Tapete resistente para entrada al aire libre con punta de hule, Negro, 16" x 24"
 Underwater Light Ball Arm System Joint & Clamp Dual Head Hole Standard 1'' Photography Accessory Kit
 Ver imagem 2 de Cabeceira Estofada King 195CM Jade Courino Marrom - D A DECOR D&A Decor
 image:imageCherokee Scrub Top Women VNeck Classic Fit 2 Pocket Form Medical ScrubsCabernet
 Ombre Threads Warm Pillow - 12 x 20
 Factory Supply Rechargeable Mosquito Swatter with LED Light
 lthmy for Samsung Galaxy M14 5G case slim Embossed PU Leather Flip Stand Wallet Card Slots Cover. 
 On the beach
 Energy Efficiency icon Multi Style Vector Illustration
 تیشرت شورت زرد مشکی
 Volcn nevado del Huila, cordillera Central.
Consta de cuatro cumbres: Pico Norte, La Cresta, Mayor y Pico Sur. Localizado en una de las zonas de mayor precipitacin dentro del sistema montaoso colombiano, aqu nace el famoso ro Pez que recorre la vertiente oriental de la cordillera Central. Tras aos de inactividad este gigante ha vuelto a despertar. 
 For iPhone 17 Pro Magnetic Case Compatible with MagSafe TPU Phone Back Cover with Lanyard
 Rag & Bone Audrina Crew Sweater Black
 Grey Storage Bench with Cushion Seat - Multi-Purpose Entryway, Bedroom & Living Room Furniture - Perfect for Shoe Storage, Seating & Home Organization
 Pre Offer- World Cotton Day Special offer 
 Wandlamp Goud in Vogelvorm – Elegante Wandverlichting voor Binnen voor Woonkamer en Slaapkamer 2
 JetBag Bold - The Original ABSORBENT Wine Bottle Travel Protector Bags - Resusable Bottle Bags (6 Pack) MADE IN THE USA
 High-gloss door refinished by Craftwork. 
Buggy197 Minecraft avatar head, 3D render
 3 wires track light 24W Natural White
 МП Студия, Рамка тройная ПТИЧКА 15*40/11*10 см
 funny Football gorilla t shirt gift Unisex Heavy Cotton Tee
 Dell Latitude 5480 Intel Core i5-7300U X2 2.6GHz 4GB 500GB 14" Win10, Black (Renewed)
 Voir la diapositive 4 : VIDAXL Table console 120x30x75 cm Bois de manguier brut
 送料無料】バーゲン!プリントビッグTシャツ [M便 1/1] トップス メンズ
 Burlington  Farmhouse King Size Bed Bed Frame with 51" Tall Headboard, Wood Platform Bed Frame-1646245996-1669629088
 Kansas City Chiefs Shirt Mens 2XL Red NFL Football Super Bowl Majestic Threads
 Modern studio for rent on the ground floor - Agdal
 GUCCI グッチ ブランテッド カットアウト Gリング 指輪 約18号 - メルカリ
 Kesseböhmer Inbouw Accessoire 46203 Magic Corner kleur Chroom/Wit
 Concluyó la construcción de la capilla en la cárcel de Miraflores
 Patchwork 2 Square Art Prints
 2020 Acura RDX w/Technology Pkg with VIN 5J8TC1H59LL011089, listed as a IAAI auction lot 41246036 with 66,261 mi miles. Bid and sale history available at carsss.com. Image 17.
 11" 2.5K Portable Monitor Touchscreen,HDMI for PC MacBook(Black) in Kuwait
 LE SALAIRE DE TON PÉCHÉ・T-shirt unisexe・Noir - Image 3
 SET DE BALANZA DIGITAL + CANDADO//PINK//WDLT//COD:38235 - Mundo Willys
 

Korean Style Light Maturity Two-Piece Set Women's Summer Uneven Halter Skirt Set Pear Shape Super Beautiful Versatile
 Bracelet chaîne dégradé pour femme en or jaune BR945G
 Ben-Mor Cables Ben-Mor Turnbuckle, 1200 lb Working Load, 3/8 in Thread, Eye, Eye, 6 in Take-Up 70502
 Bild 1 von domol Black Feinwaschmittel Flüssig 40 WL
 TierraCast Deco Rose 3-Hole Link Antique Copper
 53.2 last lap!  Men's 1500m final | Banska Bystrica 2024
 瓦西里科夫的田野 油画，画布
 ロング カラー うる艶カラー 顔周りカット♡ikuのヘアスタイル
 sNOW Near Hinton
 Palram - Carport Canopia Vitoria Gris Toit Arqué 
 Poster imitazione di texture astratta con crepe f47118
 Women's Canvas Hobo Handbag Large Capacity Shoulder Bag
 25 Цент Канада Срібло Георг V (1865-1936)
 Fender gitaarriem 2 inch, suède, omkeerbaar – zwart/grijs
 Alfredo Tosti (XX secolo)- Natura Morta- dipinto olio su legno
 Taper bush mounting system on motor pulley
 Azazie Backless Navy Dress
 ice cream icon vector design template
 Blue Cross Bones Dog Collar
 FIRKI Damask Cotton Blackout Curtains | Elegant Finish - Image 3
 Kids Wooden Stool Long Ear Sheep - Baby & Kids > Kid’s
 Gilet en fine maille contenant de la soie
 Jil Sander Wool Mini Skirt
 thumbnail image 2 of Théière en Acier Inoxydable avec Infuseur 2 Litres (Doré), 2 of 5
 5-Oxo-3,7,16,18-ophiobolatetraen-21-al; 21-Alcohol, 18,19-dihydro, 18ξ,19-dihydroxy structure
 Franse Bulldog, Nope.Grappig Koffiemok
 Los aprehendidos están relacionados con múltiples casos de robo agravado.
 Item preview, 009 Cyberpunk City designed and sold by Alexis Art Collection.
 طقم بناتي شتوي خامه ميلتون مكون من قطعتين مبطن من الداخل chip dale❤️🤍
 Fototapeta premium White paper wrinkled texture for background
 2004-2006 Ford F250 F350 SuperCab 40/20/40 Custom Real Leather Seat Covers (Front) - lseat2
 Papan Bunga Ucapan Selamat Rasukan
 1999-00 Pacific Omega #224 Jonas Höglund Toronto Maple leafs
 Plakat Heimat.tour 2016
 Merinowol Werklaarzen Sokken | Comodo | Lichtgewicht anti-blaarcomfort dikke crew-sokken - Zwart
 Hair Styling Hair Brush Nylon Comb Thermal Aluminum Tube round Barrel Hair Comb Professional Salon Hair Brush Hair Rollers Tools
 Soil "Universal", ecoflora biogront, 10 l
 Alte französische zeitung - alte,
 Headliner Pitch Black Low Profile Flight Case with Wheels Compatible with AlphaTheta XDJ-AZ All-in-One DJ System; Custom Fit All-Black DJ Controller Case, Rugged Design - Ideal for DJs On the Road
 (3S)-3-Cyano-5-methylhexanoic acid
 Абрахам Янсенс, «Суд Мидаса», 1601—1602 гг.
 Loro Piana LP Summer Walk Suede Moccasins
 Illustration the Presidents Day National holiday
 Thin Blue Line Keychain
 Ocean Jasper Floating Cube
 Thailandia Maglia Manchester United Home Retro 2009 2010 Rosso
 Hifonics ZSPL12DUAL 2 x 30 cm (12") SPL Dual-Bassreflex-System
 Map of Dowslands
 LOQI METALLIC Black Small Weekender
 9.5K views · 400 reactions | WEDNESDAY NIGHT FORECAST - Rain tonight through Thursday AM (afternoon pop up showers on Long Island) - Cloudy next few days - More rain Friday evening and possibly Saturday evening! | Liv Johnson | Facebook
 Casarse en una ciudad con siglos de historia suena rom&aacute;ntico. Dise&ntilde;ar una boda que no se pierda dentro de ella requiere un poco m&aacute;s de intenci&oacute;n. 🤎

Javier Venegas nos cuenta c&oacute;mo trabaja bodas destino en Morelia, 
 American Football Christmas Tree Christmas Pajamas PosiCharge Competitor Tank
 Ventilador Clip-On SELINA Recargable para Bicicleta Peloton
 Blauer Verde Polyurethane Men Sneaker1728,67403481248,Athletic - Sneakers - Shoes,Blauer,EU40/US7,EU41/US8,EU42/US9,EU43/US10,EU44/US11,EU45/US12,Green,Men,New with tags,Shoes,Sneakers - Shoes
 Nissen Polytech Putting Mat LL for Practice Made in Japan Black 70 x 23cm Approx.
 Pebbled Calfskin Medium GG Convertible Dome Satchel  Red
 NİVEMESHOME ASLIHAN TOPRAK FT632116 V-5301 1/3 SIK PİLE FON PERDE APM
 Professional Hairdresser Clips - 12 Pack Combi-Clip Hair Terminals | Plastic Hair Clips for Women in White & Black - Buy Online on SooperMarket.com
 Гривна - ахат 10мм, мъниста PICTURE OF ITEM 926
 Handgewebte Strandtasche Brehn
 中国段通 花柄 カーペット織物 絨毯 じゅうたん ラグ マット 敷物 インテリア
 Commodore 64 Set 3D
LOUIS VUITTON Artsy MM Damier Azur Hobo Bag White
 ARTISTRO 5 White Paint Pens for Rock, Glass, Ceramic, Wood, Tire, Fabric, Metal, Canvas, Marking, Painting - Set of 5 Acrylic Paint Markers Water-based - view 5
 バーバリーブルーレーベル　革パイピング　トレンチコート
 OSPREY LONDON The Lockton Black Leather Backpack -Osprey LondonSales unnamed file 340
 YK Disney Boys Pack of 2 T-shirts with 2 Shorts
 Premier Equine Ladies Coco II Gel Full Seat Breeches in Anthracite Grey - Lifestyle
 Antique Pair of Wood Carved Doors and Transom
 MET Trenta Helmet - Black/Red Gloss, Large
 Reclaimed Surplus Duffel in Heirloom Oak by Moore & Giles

+===+

- _Required work_
Using the listing above, copy exactly the line that contains "18,19-dihydro, 18ξ,19-dihydroxy structure", the line that contains "Merinowol Werklaarzen Sokken", and each line that falls between them.

- _Output for this task_
 5-Oxo-3,7,16,18-ophiobolatetraen-21-al; 21-Alcohol, 18,19-dihydro, 18ξ,19-dihydroxy structure
 Franse Bulldog, Nope.Grappig Koffiemok
 Los aprehendidos están relacionados con múltiples casos de robo agravado.
 Item preview, 009 Cyberpunk City designed and sold by Alexis Art Collection.
 طقم بناتي شتوي خامه ميلتون مكون من قطعتين مبطن من الداخل chip dale❤️🤍
 Fototapeta premium White paper wrinkled texture for background
 2004-2006 Ford F250 F350 SuperCab 40/20/40 Custom Real Leather Seat Covers (Front) - lseat2
 Papan Bunga Ucapan Selamat Rasukan
 1999-00 Pacific Omega #224 Jonas Höglund Toronto Maple leafs
 Plakat Heimat.tour 2016
 Merinowol Werklaarzen Sokken | Comodo | Lichtgewicht anti-blaarcomfort dikke crew-sokken - Zwart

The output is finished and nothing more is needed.